Esta es la actitud que Hegel tematiza magistralmente en la Fenomenología del espíritu con la figura de la conciencia que llama la ley del corazón. El sujeto moral tiene dentro de sí mismo lo que considera su esencia, la ley de su corazón, y opuesto a ella tiene un orden que se le presenta como ajeno. Para obtener la satisfacción de la unidad de sí y su medio, el sujeto se vuelca en la conformidad de este orden a la ley de su corazón; pero, de este modo, se aliena cada vez más de aquel orden que ahora es obra suya, ya que éste permanece siempre fiel a su esencia inmediata: la ley de su corazón. El punto más álgido de este proceso se alcanza cuando la conciencia se entrega a una infatuación demencial que no es sino la negación furiosa del orden exterior (y de los otros individuos) produciéndose una situación de mutua hostilidad en el que cada cual realiza su propia justicia.[7] No es muy difícil atisbar que la referencia histórica que Hegel tiene presente aquí es la del régimen de terror jacobino posterior a la Revolución francesa.
Estas tres críticas nos ofrecen una imagen vivaz sobre el problema que se abre con una moralidad solipsista en tanto que la propuesta kantiana: a) nos pide que prescindamos de nuestras valoraciones inmediatas para no producir ninguna determinación moral; b) nos compromete con un dualismo metafísico que vuelve inconmensurables nuestra razón y nuestra práctica ética; y finalmente, c) nos empuja hacia la alienación de nuestro entorno, y al potencial rechazo radical de nuestras formas de vida e instituciones. En la próxima entrega contestaré cada una de las siguientes objeciones con el propósito de articular una concepción diferente sobre el punto de vista de la moralidad.

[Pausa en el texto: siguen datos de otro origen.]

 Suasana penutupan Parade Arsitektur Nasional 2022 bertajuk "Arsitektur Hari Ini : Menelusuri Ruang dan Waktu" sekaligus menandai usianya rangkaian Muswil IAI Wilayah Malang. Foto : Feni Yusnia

*Licenciado en Derecho por la Universidad de San Martín de Porres y actualmente estudiante de la Maestría en Filosofía en la Pontificia Universidad Católica del Perú. Miembro del Grupo de Investigación en Filosofía Social (GIFS-PUCP).
[1] Heine, Heinrich. 2016 [1834]. «Sobre la historia de la religión y la filosofía en Alemania». En Ensayos, traducido por Sabine Ribka. Madrid: Akal. p. 94.
[2] Kant, Immanuel. 2005 [1788]. Crítica de la razón práctica. Traducido por Dulce María Granja Castro. Ciudad de México: FCE. p. 16.
[3] Para una reconstrucción de estas críticas véase: Giusti, Miguel. 1992. «Moralidad o eticidad. Una vieja disputa filosófica». Estudios de Filosofía, n.° 5 (febrero), 49-64; y, Habermas, Jürgen. 2000. “¿Afectan las objeciones de Hegel contra Kant también a la ética del discurso?” en Aclaraciones a la ética del discurso. Madrid: Trotta. pp. 13-33.
[4] Kant, Immanuel. 2012 [1785]. Fundamentación para una metafísica de las costumbres. Traducido por Roberto R. Aramayo. Segunda edición. Madrid: Alianza. p. 126.
[5] Hegel, G.W.F. 1979 [1803]. Sobre las maneras de tratar científicamente el Derecho natural. Su lugar en la filosofía práctica y su relación constitutiva con la ciencia positiva del Derecho. Madrid: Aguilar. pp. 34-37.
[6] Kant, op. cit., 91.
[7] Hegel, G.W.F. 1966. Fenomenología del espíritu. Traducido por Wenceslao Roces. Ciudad de México: FCE. pp. 217 ss.